### What to produce
A verbatim reproduction of the lines below, from the line containing "How to Prevent Psoriasis" through the line containing "Anti-14-3-3 sigma SFN", both ends included, is the whole required output.

### Given data
····················

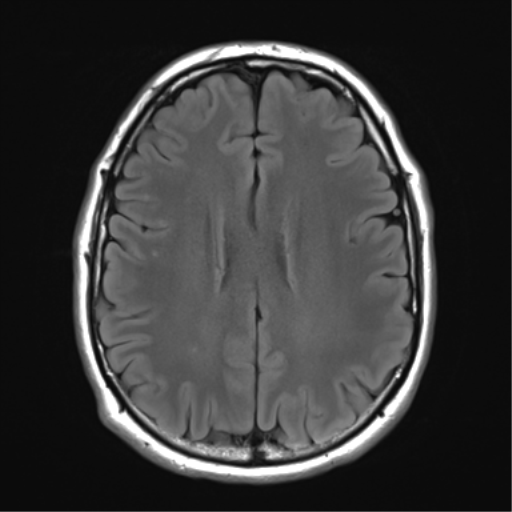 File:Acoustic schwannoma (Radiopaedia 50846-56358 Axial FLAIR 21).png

····················

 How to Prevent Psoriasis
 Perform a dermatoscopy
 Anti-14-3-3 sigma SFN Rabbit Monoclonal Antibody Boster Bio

····················

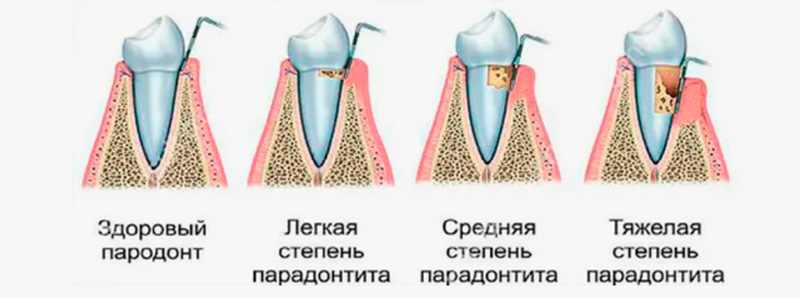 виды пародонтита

····················

### Expected answer
 How to Prevent Psoriasis
 Perform a dermatoscopy
 Anti-14-3-3 sigma SFN Rabbit Monoclonal Antibody Boster Bio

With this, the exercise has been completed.